A research team in China has created a system for answering verbal analogy questions of the type found on the GRE and IQ tests that scores a little above the average human score, perhaps corresponding to an IQ of around 105 or so.  This improves substantially on the reported SOTA in AI for these types of problems.

This work builds on deep word-vector embeddings which have led to large gains in translation and many NLP tasks.  One of their key improvements involves learning multiple vectors per word, where the number of specific word meanings is simply grabbed from a dictionary.  This is important because verbal analogy questions often use more rare word meanings.  They also employ modules specialized for the different types of questions.

I vaguely remember reading that AI systems already are fairly strong at solving visual raven-matrix style IQ questions, although I haven't looked into that in detail.

The multi-vector technique is probably the most important take away for future work.  

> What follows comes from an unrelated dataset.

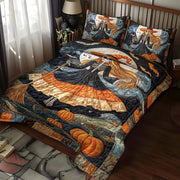 Skeleton Witch Halloween Bedding Set
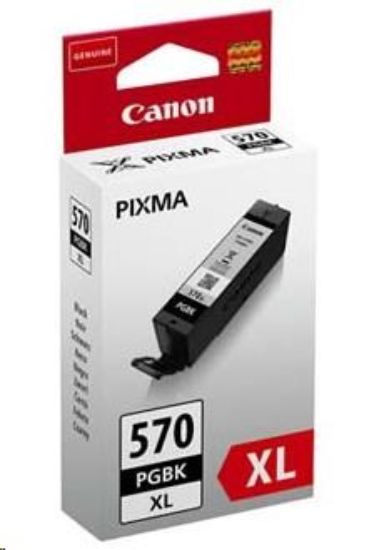 Obrázek CANON CARTRIDGE PGI-570XL PGBK pigmentová černá pro PIXMA MG575x, MG685x, MG775x, TS505x, TS605x, TS805x (500 str.)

Even if subsequent follow up work reaches superhuman verbal IQ in a few years, this of course doesn't immediately imply AGI.  These types of IQ tests measure specific abilities which are correlated with general intelligence in humans, but these specific abilities are only a small subset of the systems/abilities required for general intelligence, and probably rely on a smallish subset of the brain's circuitry.

New Comment
8 comments, sorted by Click to highlight new comments since:
[-][anonymous]40

I'm assuming that the math section of these tests was already figured out long ago, and is currently pretty damn close to superhuman levels. Can somebody more familiar with these tests suggest which sorts of intelligence tests AI researchers might work toward mastering in the future to get even closer to human like intelligence?

[-]DTX30

Just to pimp my school, Georgia Tech offers a free course through Udacity in Knowledge-Based AI that involves programming an agent to take the Raven's progressive matrices test. I never took the course, but I wanna say from hearing other students that somewhere around 80 is the current state of the art (that's not an IQ and I'm not sure how to translate a Raven's score to an IQ).

I'm not sure I'm clear on the AI/AIG distinction. Wouldn't an AI need to be able to apply its intelligence to novel situations to be "intelligent" at all, therefore making its intelligence "general" by definition? Watson winning Jeopardy! was a testament to software engineering, but Watson was programmed specifically to play Jeopardy!. If, without modification, it could go on to dominate Settlers of Catan then we might want to start worrying.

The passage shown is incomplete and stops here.